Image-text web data
↓

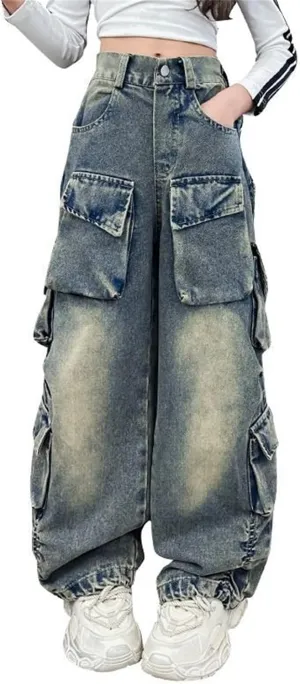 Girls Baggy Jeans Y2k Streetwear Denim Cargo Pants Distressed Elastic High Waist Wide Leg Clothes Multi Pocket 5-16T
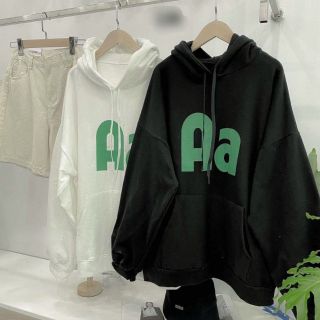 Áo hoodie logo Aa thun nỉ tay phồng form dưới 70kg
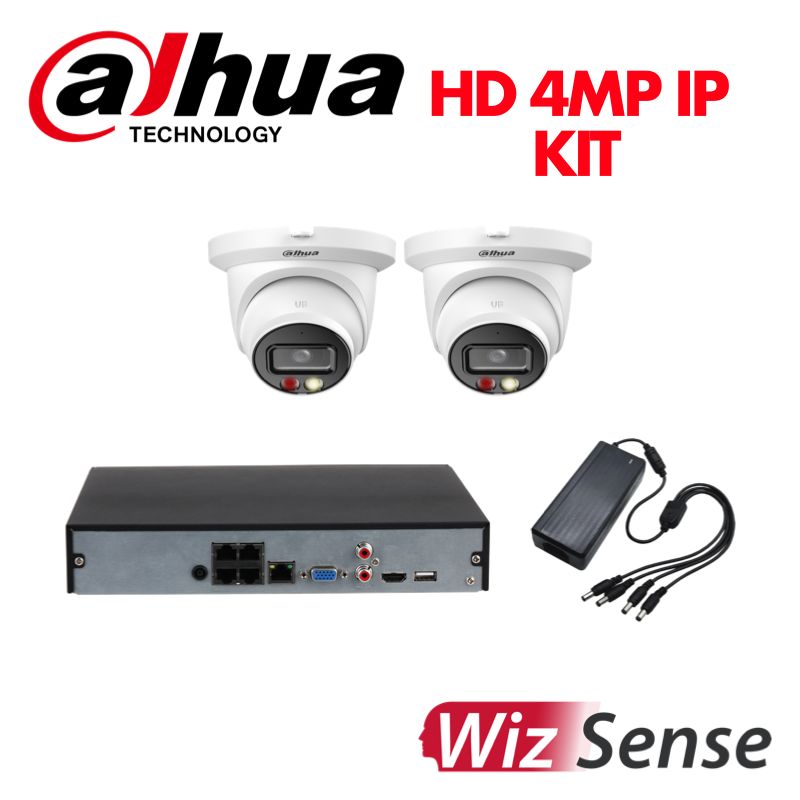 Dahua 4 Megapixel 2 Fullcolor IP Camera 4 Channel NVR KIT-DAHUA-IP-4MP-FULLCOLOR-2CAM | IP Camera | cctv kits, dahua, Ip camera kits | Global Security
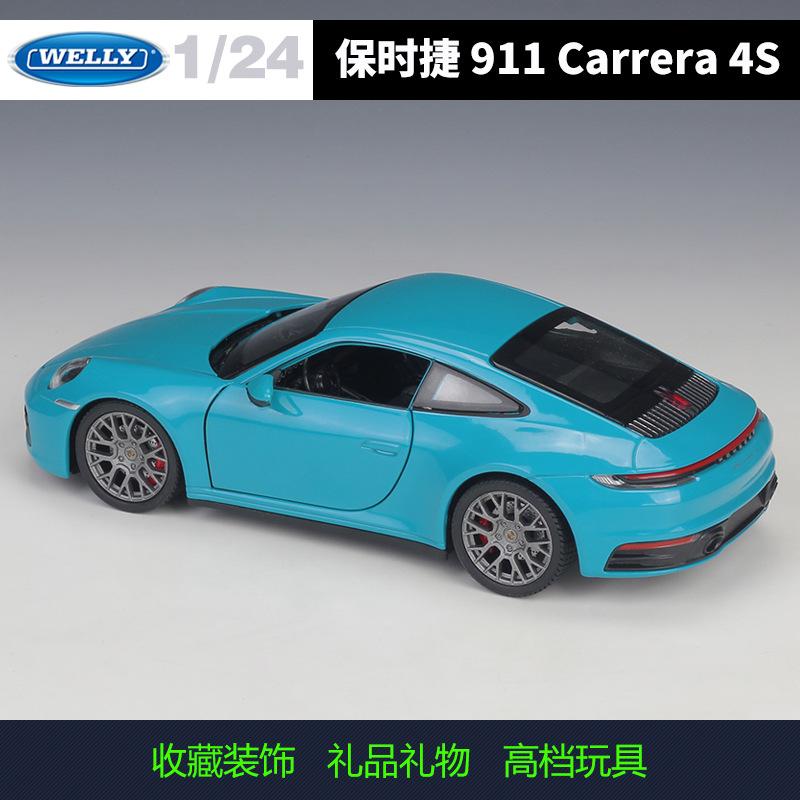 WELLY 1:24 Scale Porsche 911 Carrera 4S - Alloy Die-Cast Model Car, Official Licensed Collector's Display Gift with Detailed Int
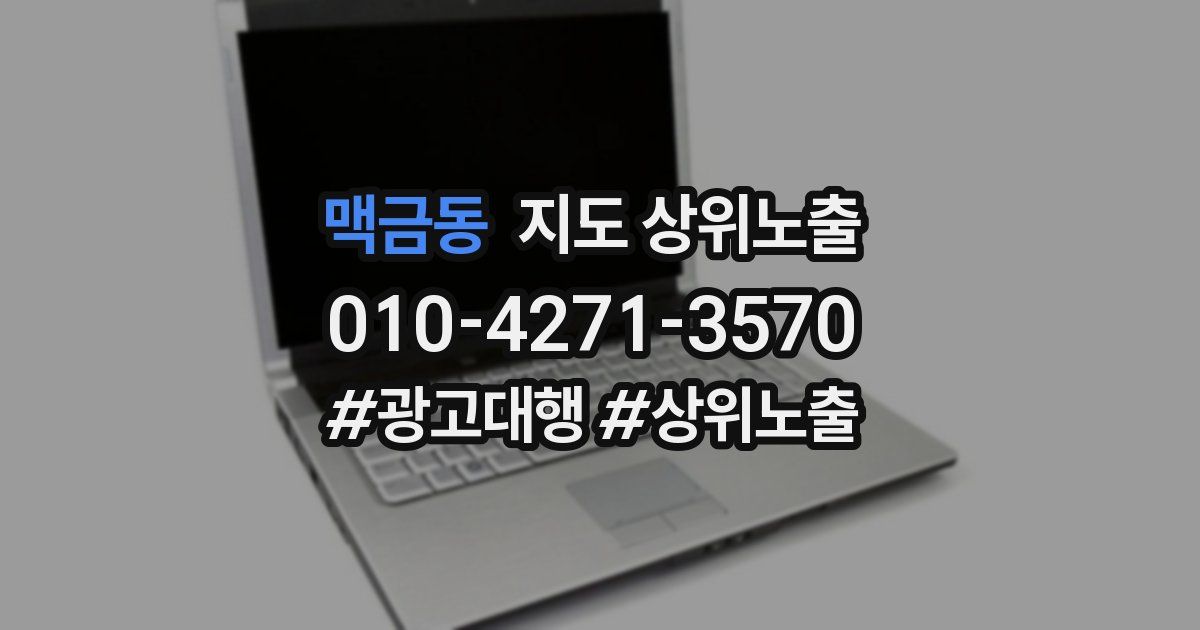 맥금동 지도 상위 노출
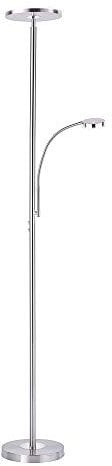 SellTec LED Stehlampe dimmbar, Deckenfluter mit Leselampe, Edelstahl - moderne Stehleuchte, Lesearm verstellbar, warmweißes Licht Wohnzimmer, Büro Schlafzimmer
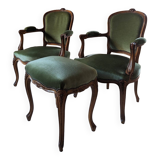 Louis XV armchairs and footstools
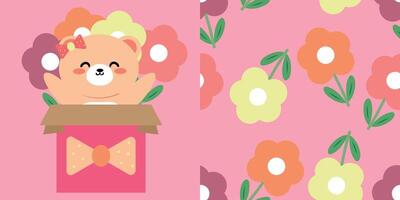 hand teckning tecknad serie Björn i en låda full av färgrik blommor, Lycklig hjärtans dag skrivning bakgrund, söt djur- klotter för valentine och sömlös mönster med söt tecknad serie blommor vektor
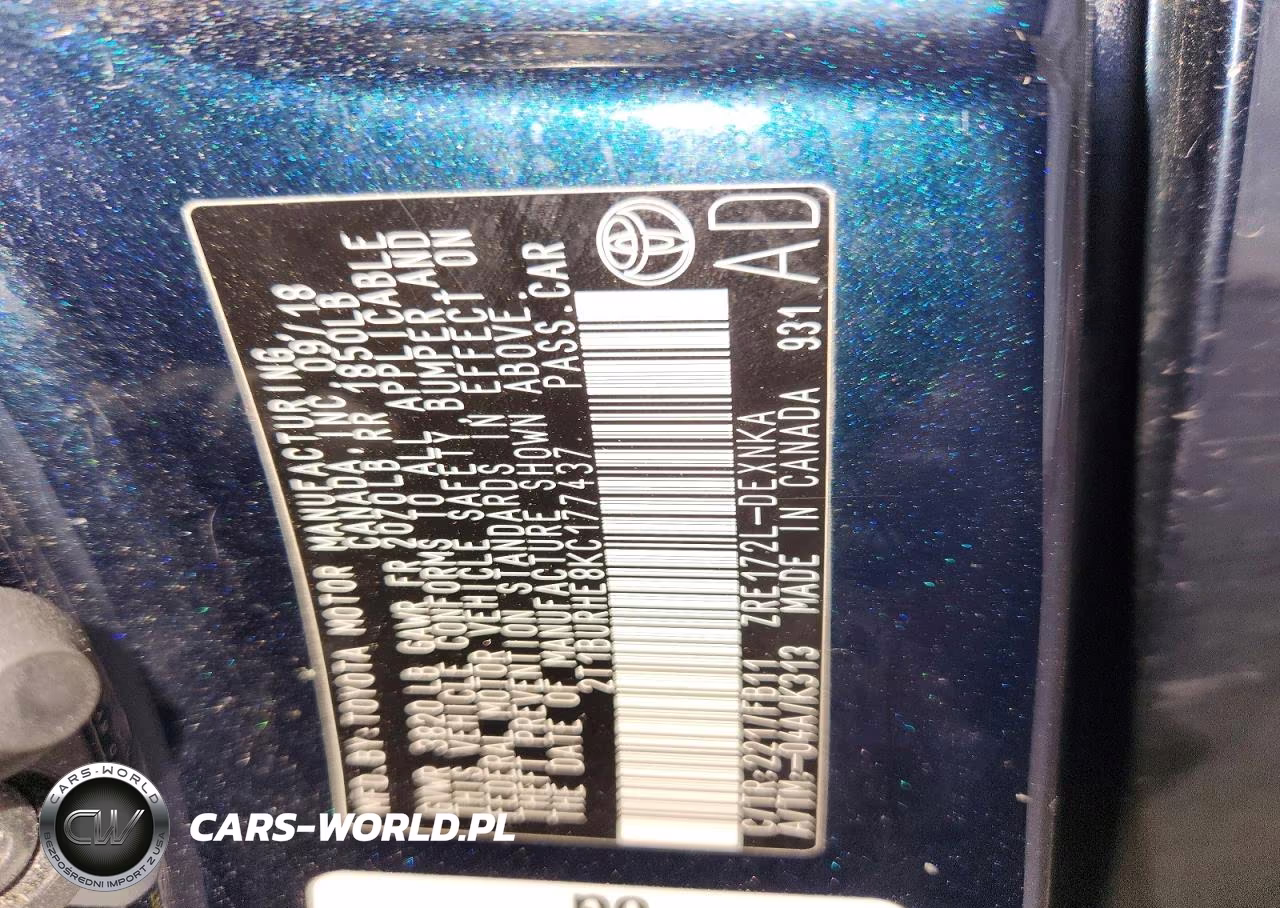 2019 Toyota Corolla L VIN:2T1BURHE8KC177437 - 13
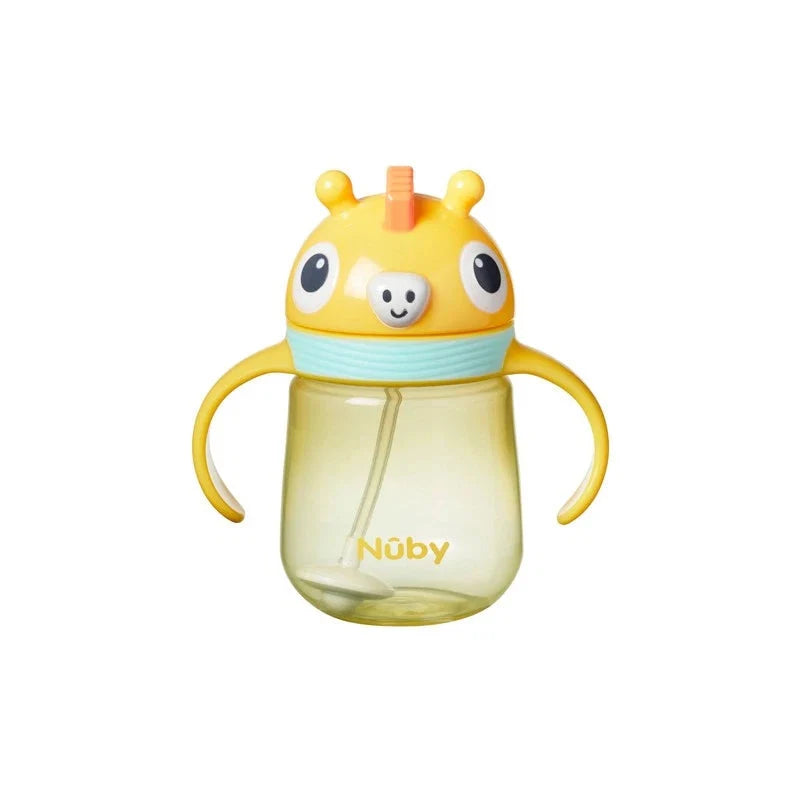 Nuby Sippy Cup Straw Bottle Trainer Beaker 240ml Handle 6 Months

↑

WHAT THIS TASK INVOLVES. When you find the line that contains "WELLY 1:24 Scale", retype it and every line after it through the end of the data above, exactly, with no pictures.

PROBLEM SOLUTION.
 WELLY 1:24 Scale Porsche 911 Carrera 4S - Alloy Die-Cast Model Car, Official Licensed Collector's Display Gift with Detailed Int
 맥금동 지도 상위 노출
 SellTec LED Stehlampe dimmbar, Deckenfluter mit Leselampe, Edelstahl - moderne Stehleuchte, Lesearm verstellbar, warmweißes Licht Wohnzimmer, Büro Schlafzimmer
 Louis XV armchairs and footstools
 hand teckning tecknad serie Björn i en låda full av färgrik blommor, Lycklig hjärtans dag skrivning bakgrund, söt djur- klotter för valentine och sömlös mönster med söt tecknad serie blommor vektor
 2019 Toyota Corolla L VIN:2T1BURHE8KC177437 - 13
 Nuby Sippy Cup Straw Bottle Trainer Beaker 240ml Handle 6 Months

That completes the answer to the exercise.